This week I found myself rooting for an unlikely heroine.
The Catwoman.
Remember Jocelyn Wildenstein, the late Upper East Side socialite who went under the knife so many times she earned the not-so-flattering nickname “The Bride of Wildenstein”? The woman whose plastic surgery addiction made Joan Rivers look downright sensible? The rich lady who conspicuously resembled her pet lynx?
You know her. You love her. You’re fascinated by her.
With a face both instantly recognizable and altered beyond recognition, Wildenstein was a fixture in the pages of The Post in the 1990s and aughts — first for her messy 1997 divorce from billionaire French art dealer Alec Wildenstein and then for her puffy, stretched-out mug that got more outrageous and surreal with every passing year.
I miss her!
Wildenstein’s weird story — from jet-setting European beauty to wealthy wife to carnival side show — is told in the new HBO documentary “The Lion Queen,” which premiered Thursday in the Tribeca Film Festival. The movie, which will be especially interesting to the uninitiated, goes out of its way to reframe the Swiss miss, who died in 2025, as a creative free thinker who was done dirty by the ravenous press. She apparently was East 64th Street’s answer to Britney Spears or Lindsay Lohan.
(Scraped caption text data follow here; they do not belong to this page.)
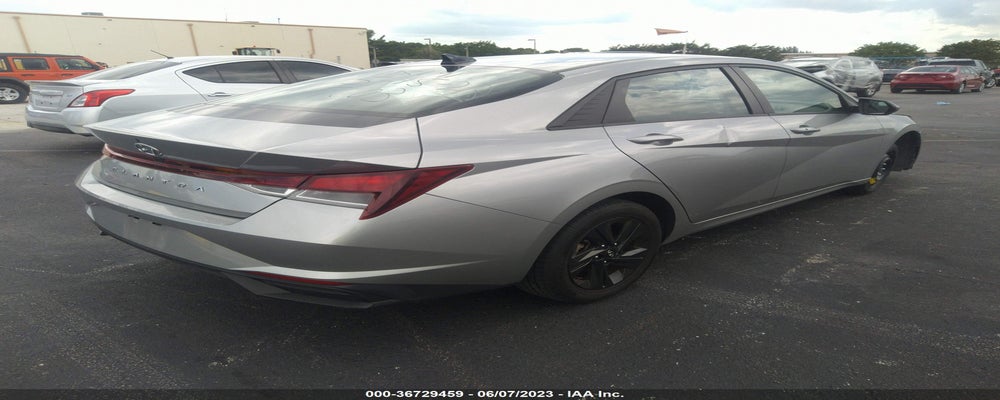 5NPLM4AGXMH011696 2021 HYUNDAI ELANTRA photo no. 4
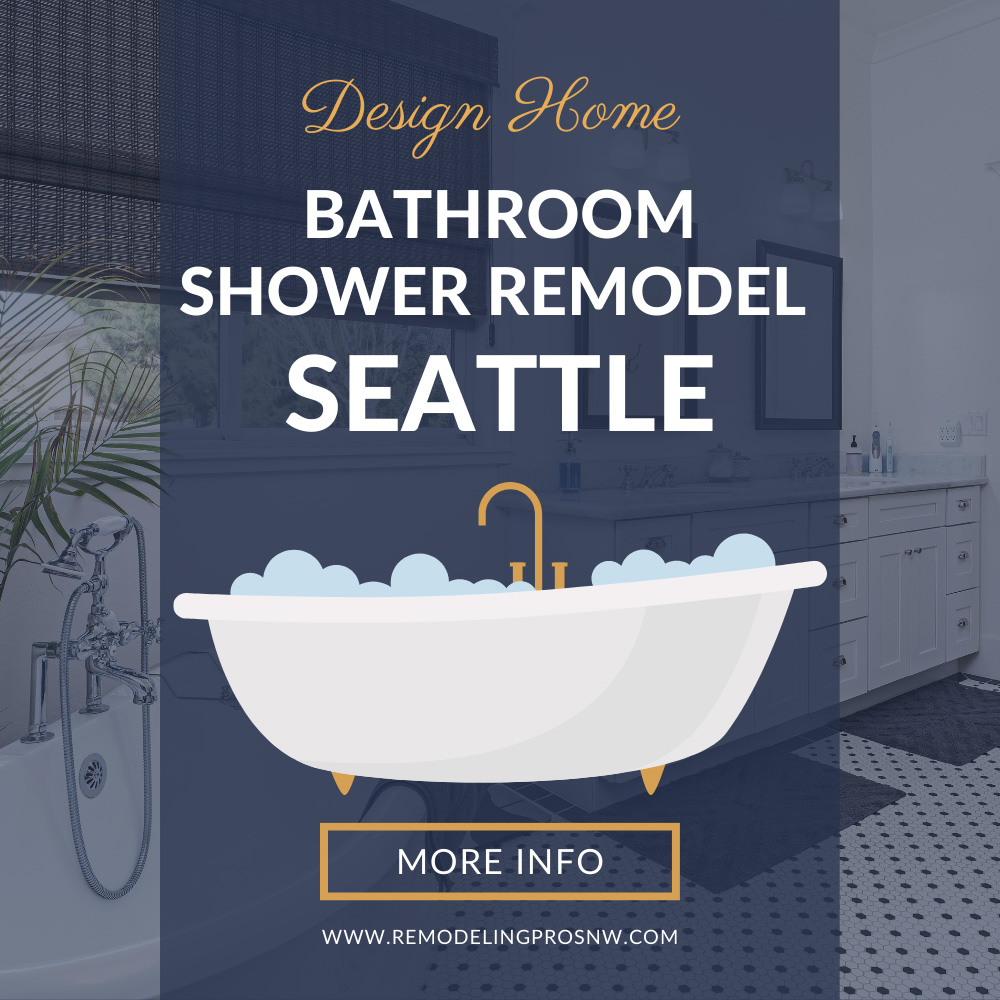 bathroom shower remodel seattle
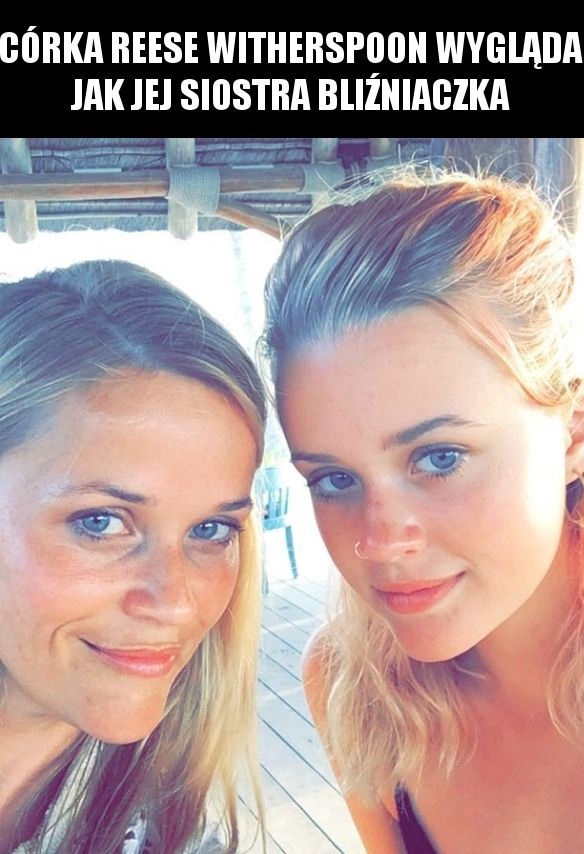 Reese Witherspoon i jej córka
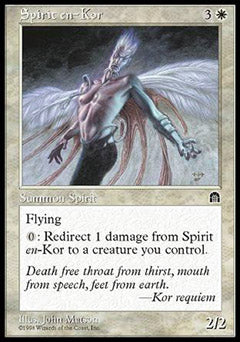 Spirit en-Kor (Stronghold) Near Mint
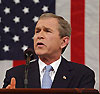 President George W. Bush.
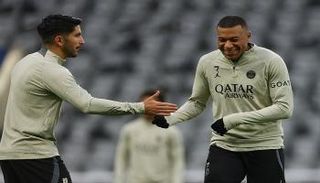 كيليان مبابي نجم باريس سان جيرمان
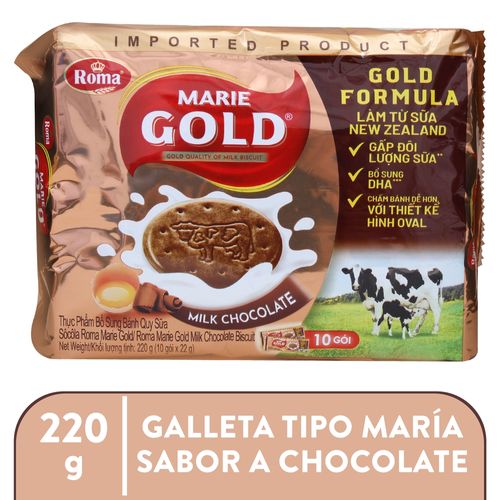 Galletaroma  Marie Gold Choco 220gr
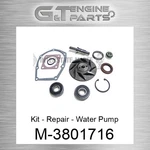 M-3801716 Kit Repair Water Pump Interstate Mcbee (new Aftermarket). Price: $113.48.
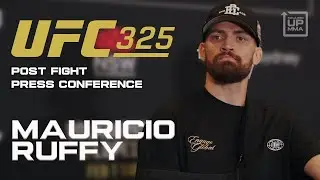 Mauricio Ruffy | UFC 325 Post Fight Press Conference
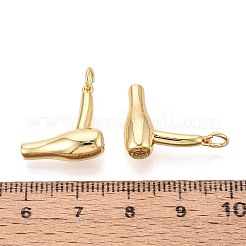 Brass Pendants&nbsp;KK-T080-60G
“She dares to go to the extreme,” her partner Lloyd Klein admiringly says in the doc.
“I think she’s addicted to being seen,” a podcaster adds.
“I get the feeling she viewed her face as an artistic creation,” says former Post reporter George Rush.
Well, I suppose it’s art in the same sense that Banksy shredded one of his works and called that art.
But the film’s, er, lionization of Wildenstein isn’t why I found myself so enthusiastically siding with her. And it certainly wasn’t because of her lavish lifestyle and casual list of living expenses (food and wine: $547,000 a year; massages: $22,000 a year). It’s what the Catwoman represents — the breed of larger-than-life New York characters that’s gone all but extinct.
They’re just as essential to the five boroughs as Katz’s and the Knicks. What happened to them?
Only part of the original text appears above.